CHAPTER XI
THE STRUGGLE IN THE DARK

Jack was by now becoming accustomed to sleeping aboard the Sea-Lark. The slight motion of the sloop as she lay at her moorings, and the gentle lapping of water against the side of the craft, instead of keeping him awake, lulled him to sleep. There was a delightful novelty, also, in sleeping on his boat, and the sense of impending danger which, during the first night or two, had kept his ears straining, was beginning to vanish. Both he and George now dropped off to sleep within a few minutes of the light being extinguished.

There was one night, however, when George was not able to keep his chum company, as his father required his assistance very early in the morning to get a launch into the water on the top of the tide. Jack, therefore, had to spend the night alone. For an hour or so after darkness came, he chatted with Cap’n Crumbie in the latter’s cubby on the wharf, and then climbed down to the sloop with no thought of impending danger. In the cabin he lighted his lantern, read the last two chapters of a book, stuck his head out of the companionway to see what the weather was like, and then slipped off his shoes, preparatory to turning in. As he placed the shoes under the bunk he began to chuckle.

“It isn’t necessary,” he muttered, going over to a locker and taking from it certain articles, including a hammer. “But what a joke if—”

He seemed to find considerable amusement in his thoughts and once or twice his chuckle developed into a hearty laugh, as for several minutes he busied himself at an occupation rarely indulged in by skippers.

“There!” he said, apparently to the hammer, when the task was finished, “it can’t do any harm, and it may do some good.”

Five minutes later he was in the strange world of dreamland, where pirates and redskins became entangled inextricably in adventures more absorbing than any ever found between the covers of a book.

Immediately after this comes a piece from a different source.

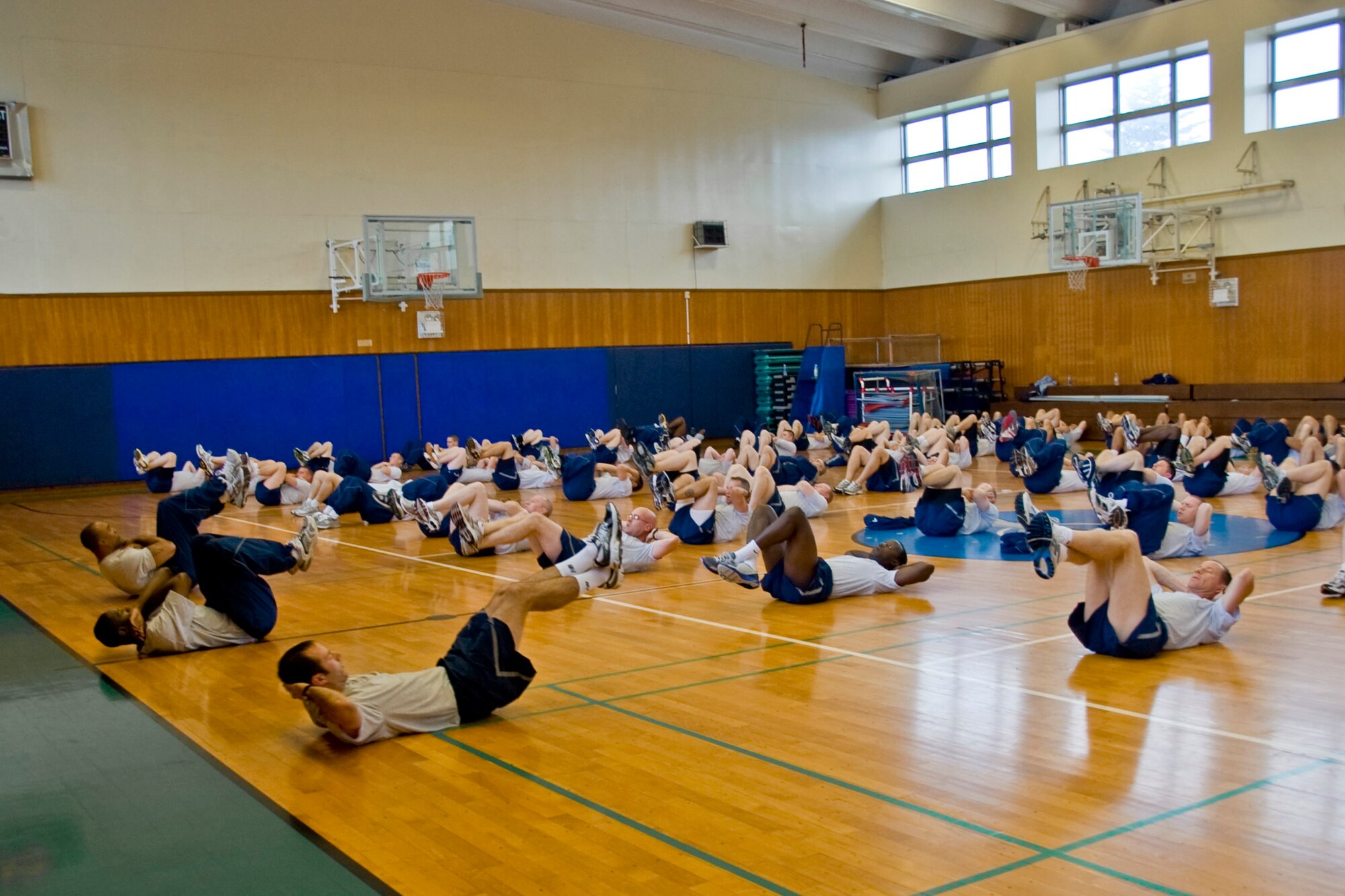 MISAWA AB, Japan--Lt. Gen. Edward Rice Jr., U.S. Forces Japan and 5th Air Force commander, participates in physical training with Airmen of the 35th Civil Engineering Squadron at the Potter Fitness Center, June 28. (U.S. Air Force photo/Staff Sgt. Araceli Alarcon)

Up on the wharf Cap’n Crumbie smoked his pipe in his cubby, and dozed over an old magazine until his head nodded. For a few minutes he, too, dropped off to sleep and then, when his pipe fell on the floor, he sat up with a start. He stretched his arms, yawned, and arose to pace nor’east and so’west on his favorite beat. There was but a faint light, for the moon was not due for several hours yet, and the sky was somewhat cloudy. Due south, three miles away, the red beacon at the sea end of the long breakwater shone steadily, while, farther east, the white glare of Greenport Light came at intervals. Cap’n Crumbie screwed up his eyes as he peered into the darkness away to the south for signs of an incoming vessel, but saw nothing, and presently returned to his comfortable chair and the magazine. He stuffed more tobacco into the bowl of his pipe, sent up prodigious wreaths of smoke, and fixed his spectacles. For half an hour he browsed over the printed pages, and then, it being a warm, close night, his eyelids drooped once more. Somewhere a bell clanged. It was one o’clock in the morning, and all was well. Cap’n Crumbie dozed and his pipe fell to the floor with a rattle again. But he did not move. The watchman was in the midst of forty winks, and they were very sound winks, too.

The dark form of a dory came skulking along the wharves. There was something suspicious in the behavior of its occupant. He dipped his oars into the water so silently that the splash could not have been heard more than a few yards away. He took a couple of furtive strokes, and then rested, looking over his shoulder, while the dory drifted slowly along. Another two strokes. A voice came from the distance. It was some sailor calling “good night” to a belated visitor, but the man in the dory gave a start. Again he peered over his shoulder in the direction of Garnett and Sayer’s wharf, now close by, and after assuring himself that no eye was on him, dipped the oars cautiously and sidled toward the Sea-Lark. There was no sound when he stepped with his bare feet over a thwart to fend the dory from the sloop. This was done with infinite care, and the small craft lay still. The man ran his fingers along the rail until they encountered a projecting nail, and then he nodded silently. With cat-like movements, he pushed the dory along to the stern of the sloop, and stood up, ready to hoist himself aboard. No sound greeted his ears save the lap of water against the side of the vessel. At last he tightened his grip on the rail, pulled his body cautiously over it, and crouched for an instant at the companionway. His fingers closed on the door-knob and with stealthy tread he disappeared into the cabin.